Work request: Pull out of the data below the stretch of lines bounded by the one containing "Damen geometrische Sonnenbrille" and the one containing "এক মঞ্চে জাতীয় নেতারা", both bounds included, unchanged.

Provided records:
________________________

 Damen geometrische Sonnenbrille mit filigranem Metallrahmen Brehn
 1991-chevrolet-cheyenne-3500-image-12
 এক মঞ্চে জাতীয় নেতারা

________________________

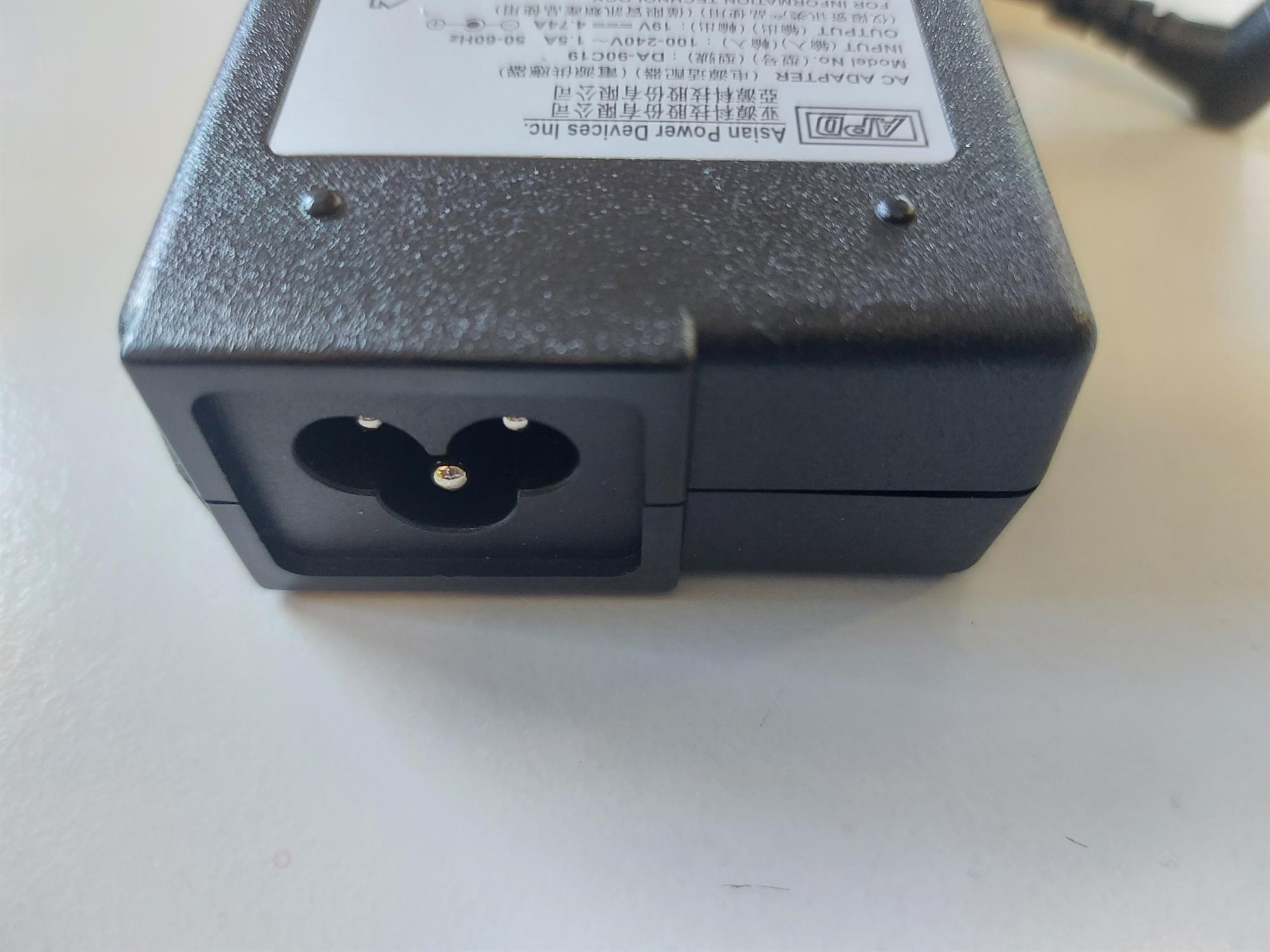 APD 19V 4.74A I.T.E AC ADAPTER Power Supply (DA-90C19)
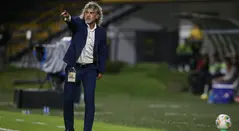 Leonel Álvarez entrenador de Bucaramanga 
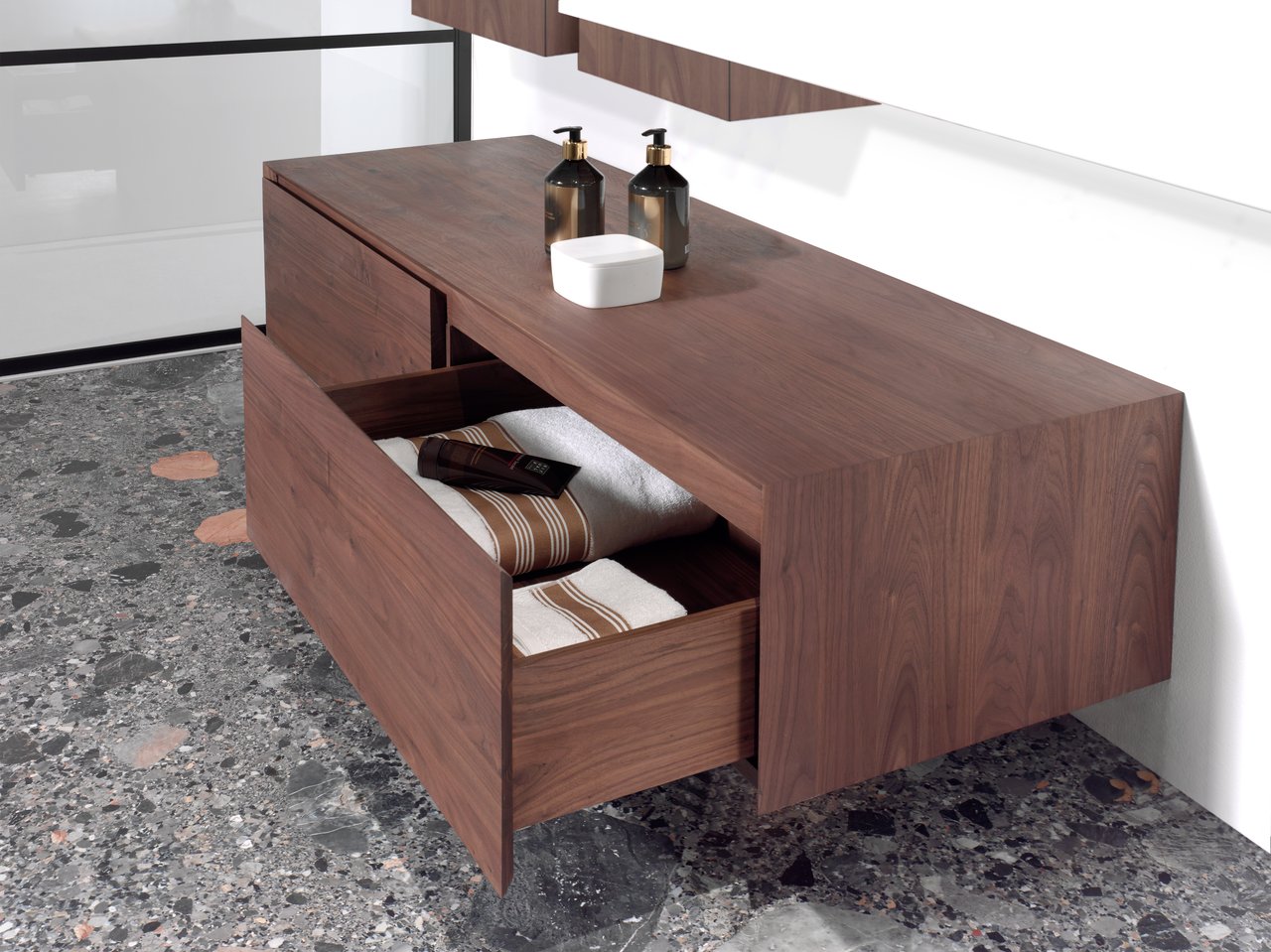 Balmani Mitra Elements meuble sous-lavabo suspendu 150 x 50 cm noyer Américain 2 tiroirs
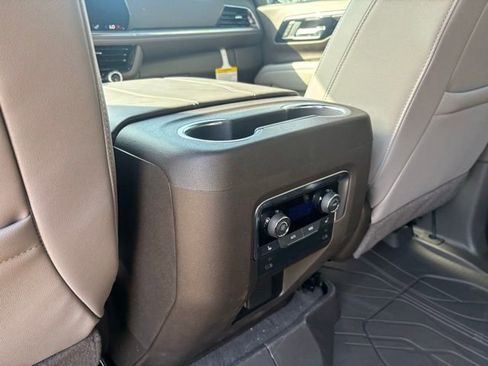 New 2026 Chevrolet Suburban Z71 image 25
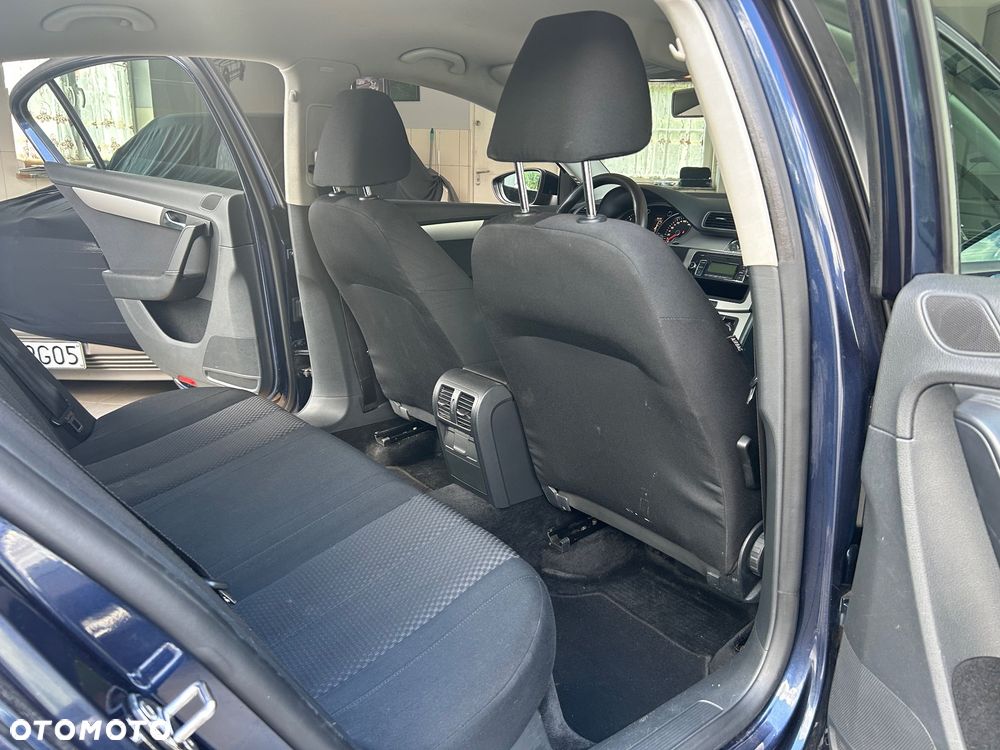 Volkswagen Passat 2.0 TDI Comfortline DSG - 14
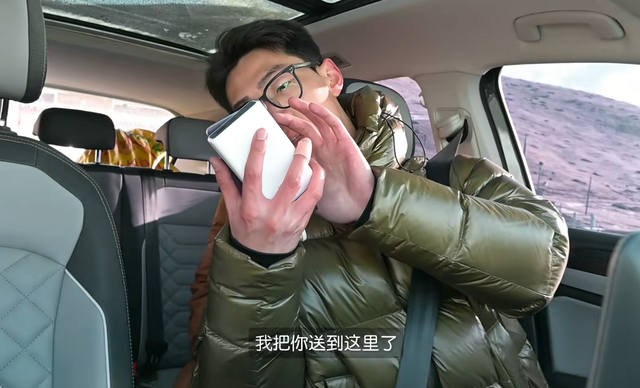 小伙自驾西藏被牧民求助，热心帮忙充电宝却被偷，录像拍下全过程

________________________

Problem solution:
 Damen geometrische Sonnenbrille mit filigranem Metallrahmen Brehn
 1991-chevrolet-cheyenne-3500-image-12
 এক মঞ্চে জাতীয় নেতারা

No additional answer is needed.